Effective visualization in particular is a challenge: utilities must carefully and selectively curate which data to display to maximize information gain without overload (Pivovarov and Elhadad, 2015). In our own work, we desired a system that would (i) allow for seamless browsing and filtering of aggregate patient data, (ii) provide a graphical representation of a single patient record, (iii) visualize longitudinal patient data, including both categorical and numeric (e.g. lab value) data in a way that was dynamic and interactive and (iv) enable data, both individual and aggregate, to be quickly and easily exported for use by other software. While the existing tools are individually powerful, no single tool provided all the functionality we needed.

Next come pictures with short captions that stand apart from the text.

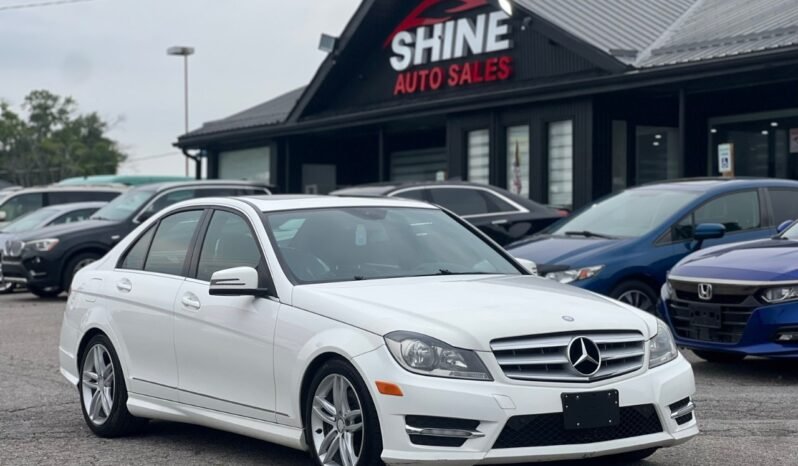 2013 Mercedes-Benz C-Class C 300 4MATIC Sedan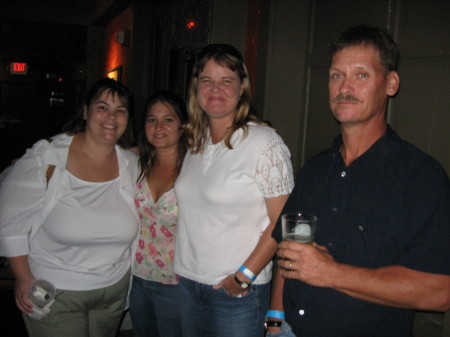 Gail, De de,Elyse and husband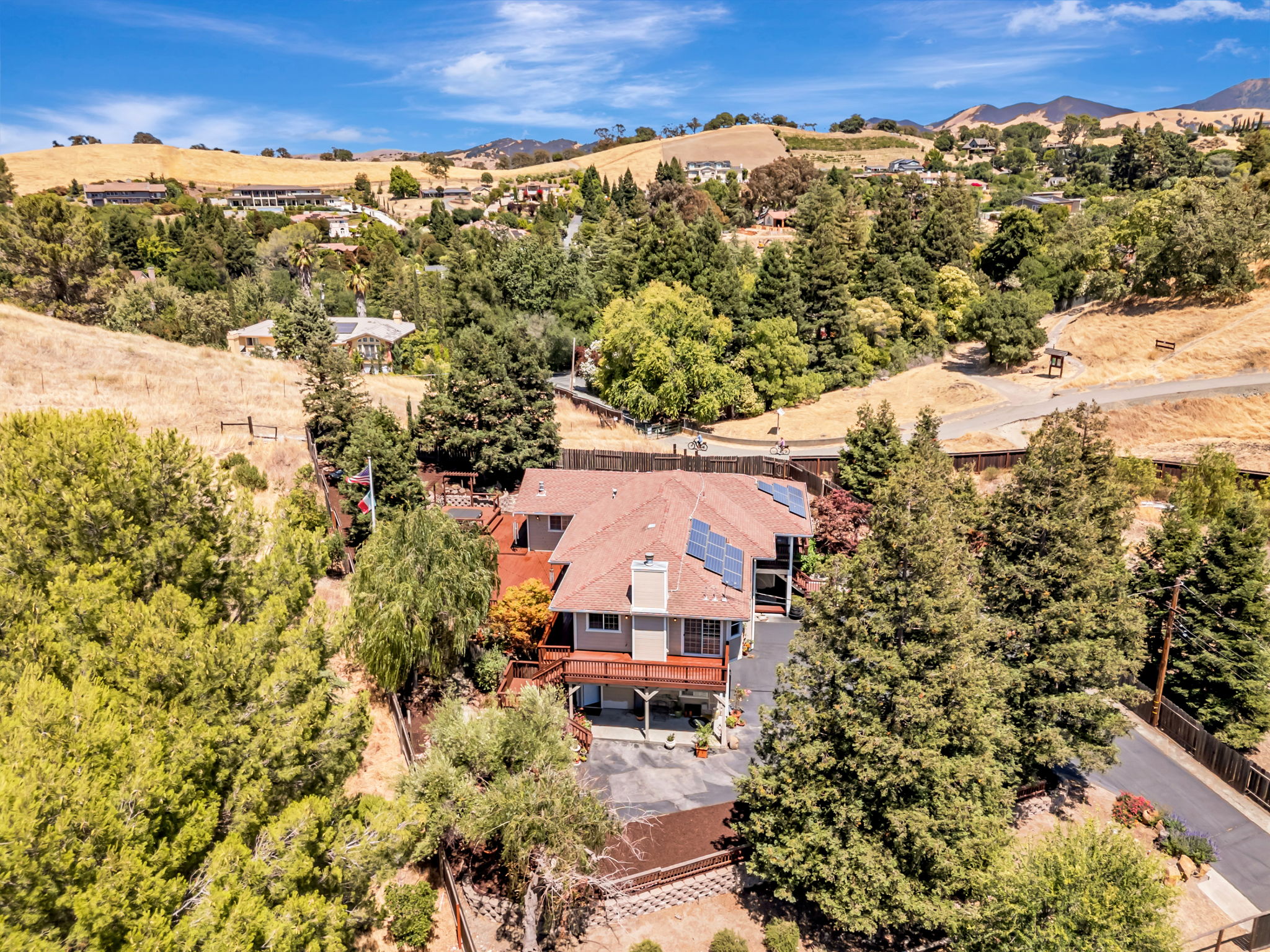 009_AERIALS_631 La Vista Rd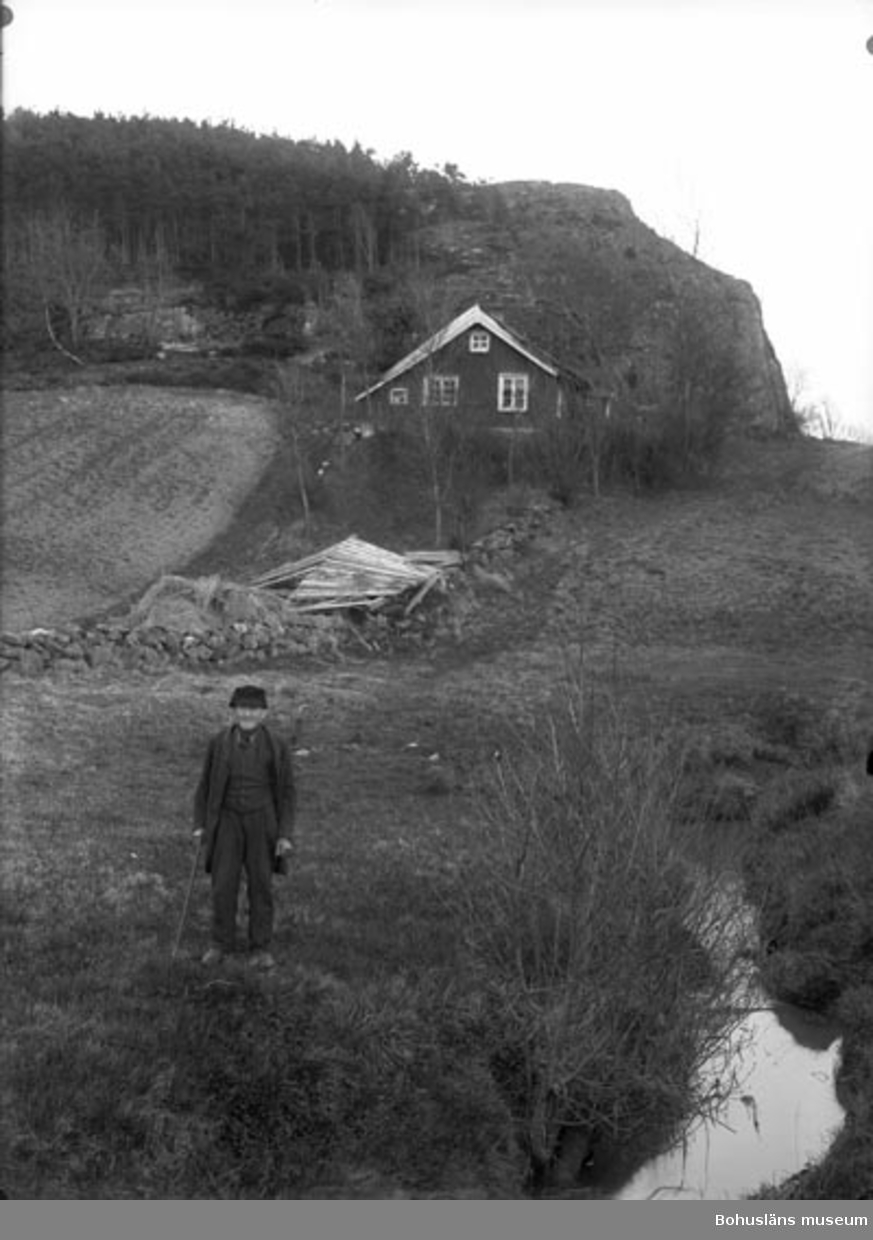 Enligt fotografens noteringar: "Kalle på kanalstuga Säleby, gick på dagsverke hos Organist Nygren och Fanjunkare Sahlberg Lycke omkring 1900-."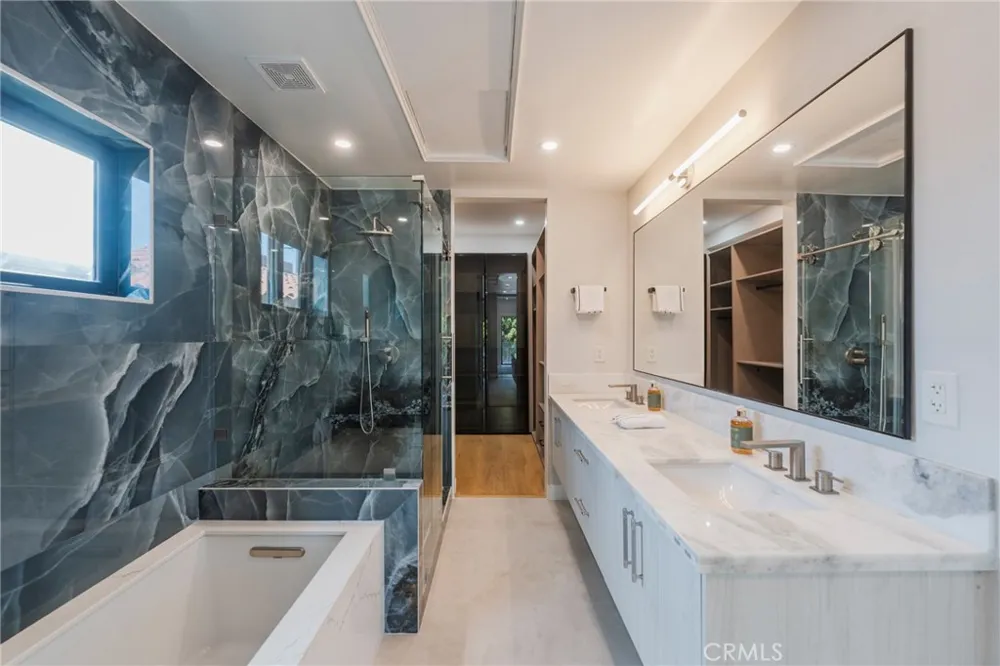 424 20th Huntington Beach, CA 92648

To this end, we have created an open source application for EHR data in OMOP CDM that allows for easy querying and extraction of data as well as effective visualizations of patient-level data (e.g. interactive timeline visualizations and multi-domain linked graphs). Our tool, PatientExploreR, can be deployed on the system of any user with access to OMOP-formatted EHR data with little to no configuration. By providing a sandbox server of synthesized clinical data for exploration of our application, we hope to continue to lower the barrier of entry for researchers of all kinds to utilize EHR data in their own work.

2 Materials and methods

This package was made possible by the open-source packages and tools developed by the R and shiny (Chang et al., 2015) communities as well as the OHDSI consortium. Due to space limitations, we describe the package structure and all application components in detail in the Supplementary Materials. There, we also detail installation and execution instructions, as well as, speed and performance information, and a strategy to deploy this app on a server environment.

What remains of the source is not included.